Please output every line of the material as it stands, without the pictures.

Source material:
##########

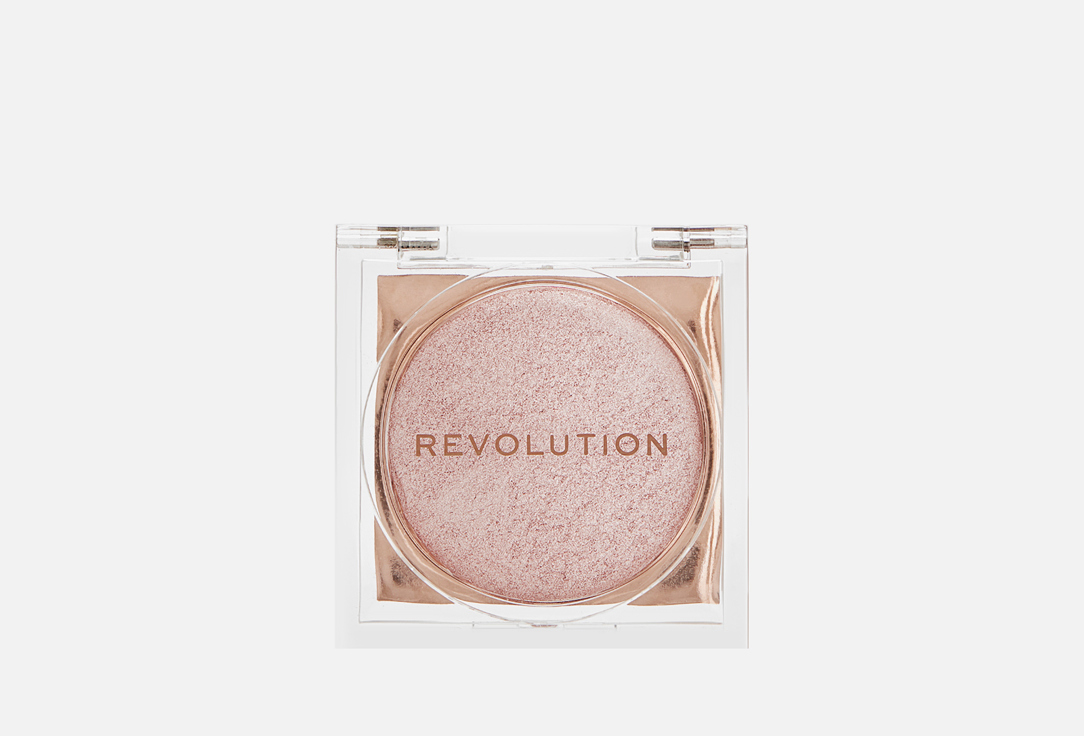 MakeUp Revolution ХАЙЛАЙТЕР Beam Bright Highlighter Rose Lustre 2.45 г — купить в Москве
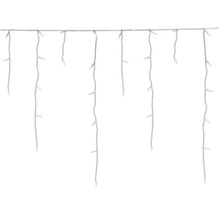 Lichterkette mit Eiszapfen für den Außenbereich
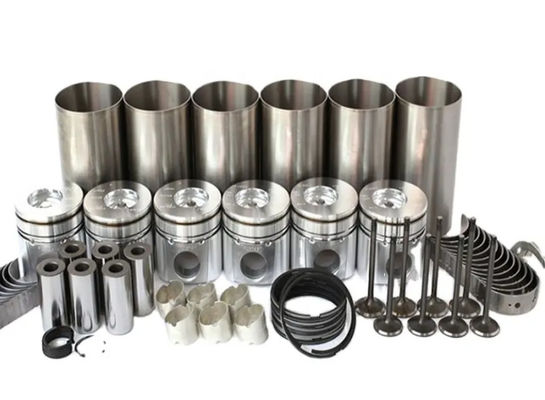 MS180-8 6D14 Kit di riparazione del motore 6D15 6D16 6D22 Kit di pistoni del motore cilindrico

##########

Result:
 MakeUp Revolution ХАЙЛАЙТЕР Beam Bright Highlighter Rose Lustre 2.45 г — купить в Москве
 Lichterkette mit Eiszapfen für den Außenbereich
 MS180-8 6D14 Kit di riparazione del motore 6D15 6D16 6D22 Kit di pistoni del motore cilindrico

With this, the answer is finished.